**Aim of the exercise**: Don't include any picture when you restate the data word for word.

**Dataset extract**:
----

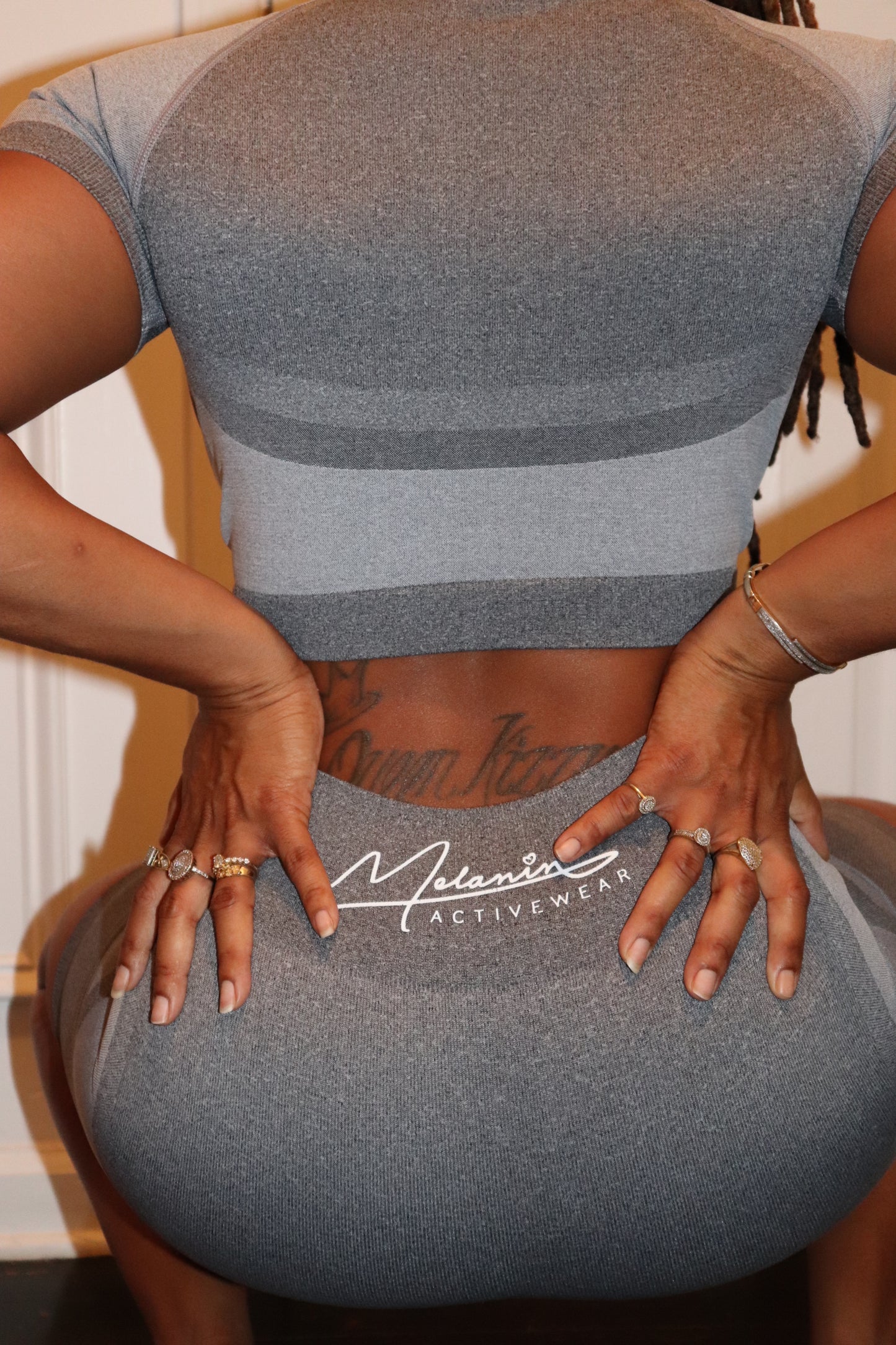 2 Piece Seamless Petite Crop Top and Short Combo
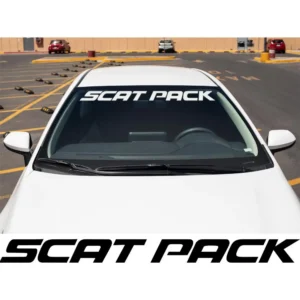 Dodge Scat Pack Windshield Banner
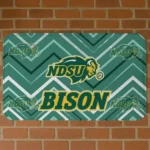 north-dakota-state-bison-chevron-geometrics-green-doormat-best-selling.webp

----

**Response to the exercise**:
 2 Piece Seamless Petite Crop Top and Short Combo
 Dodge Scat Pack Windshield Banner
 north-dakota-state-bison-chevron-geometrics-green-doormat-best-selling.webp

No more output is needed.